Saturday, April 23, 2011

Linux: A closer look - IO Concepts

... continued ...

-In linux all IO is treated as file operations.
-in other words, IO devices are treated like files and accessed via the open, read, write and other file system calls.
-devices like printer, disks, terminals etc are listed as special files in /dev dir; eg /dev/lp for printer.
-eg: cp afile /dev/lp will print the file 'afile'. infact, cp is not even aware that it is printing.
-files can be regular or special files.
-special files can be block files or character files.
-block files are read one block at a time and can be accessed randonly.
-eg: its possible to jump directly to nth block of a block device file. usually they are used for disks.
-character files are used for devices that input or output character streams instead of blocks.
-eg: keyboards, printers, mice, etc.
-each special has a major device number and a minor device number.
-major device number refers to the driver and minor device number refers to the actual device that uses the driver.
-eg: if a disk driver supports two disks, then the two disk have the same major number but different minor number.
-the file type, major and minor numbers can be viewed in the ls -l output.

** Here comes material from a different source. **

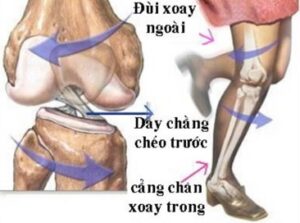 Cơ Chế đứt Dây Chằng Chéo Trước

-another example of IO is networking as pioneered by Berkeley Unix and then adopted by Linux.
-the key concept here is that of socket.
-sockets can be treated as physical mailboxes on the wall where users interact with the postal system.
-similarly sockets allow you to access network services.
-sockets can be created and destroyed dynamically.
-sockets are created on both source and destn.
-the sender uses 'connect' system call, the receiver uses 'listen' system call.
-once the connection is no longer needed, it can be closed with the 'close' system call.
-socket creation returns a file descriptor which is needed for establishing a conn, reading data, writing and releasing conn.
-sockets can be:
    . reliable conn oriented byte stream        - send and receive follow the same order of bytes
    . reliable conn oriented packet stream        - like first one but preserves packet boundaries
    . unreliable packet transmission        - random order of packets for efficient transmission
-eg of reliable conn types    - tcp
-eg of unreliable conn type    - udp
-both tcp and udp are layered on top of ip.
-all three of these originated in arpanet (us dept of defense project) and led to the Internet of today.

Friday, April 22, 2011

Linux: A closer look - 4 - Memory Management

... continued ...

-every linux process has an address space in memory logically consisting of three segments: text, data and stack.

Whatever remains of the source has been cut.